── SUPPLIED MATERIAL

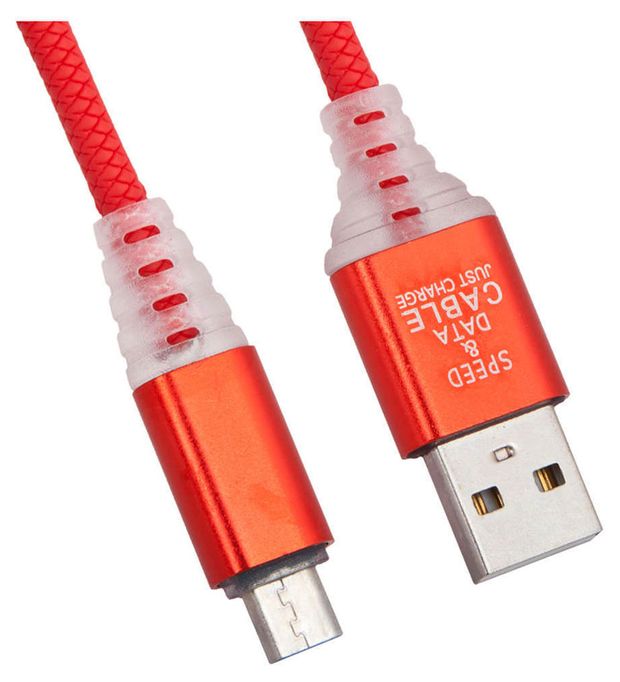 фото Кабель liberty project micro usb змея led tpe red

────
── SUPPLIED MATERIAL

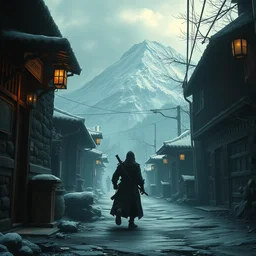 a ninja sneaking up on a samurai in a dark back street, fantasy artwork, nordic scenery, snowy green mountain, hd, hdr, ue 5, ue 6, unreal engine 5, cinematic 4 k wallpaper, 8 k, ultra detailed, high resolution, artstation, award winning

────
── SUPPLIED MATERIAL

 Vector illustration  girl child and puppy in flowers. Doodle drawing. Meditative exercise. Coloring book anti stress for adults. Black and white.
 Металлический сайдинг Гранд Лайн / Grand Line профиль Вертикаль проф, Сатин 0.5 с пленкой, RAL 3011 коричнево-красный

────

▸ WHAT TO DO
After locating the line with "Black and white." in the material above, return it and each line after it exactly, ending at the line with "Металлический сайдинг Гранд".

▸ EXPECTED ANSWER
 Vector illustration  girl child and puppy in flowers. Doodle drawing. Meditative exercise. Coloring book anti stress for adults. Black and white.
 Металлический сайдинг Гранд Лайн / Grand Line профиль Вертикаль проф, Сатин 0.5 с пленкой, RAL 3011 коричнево-красный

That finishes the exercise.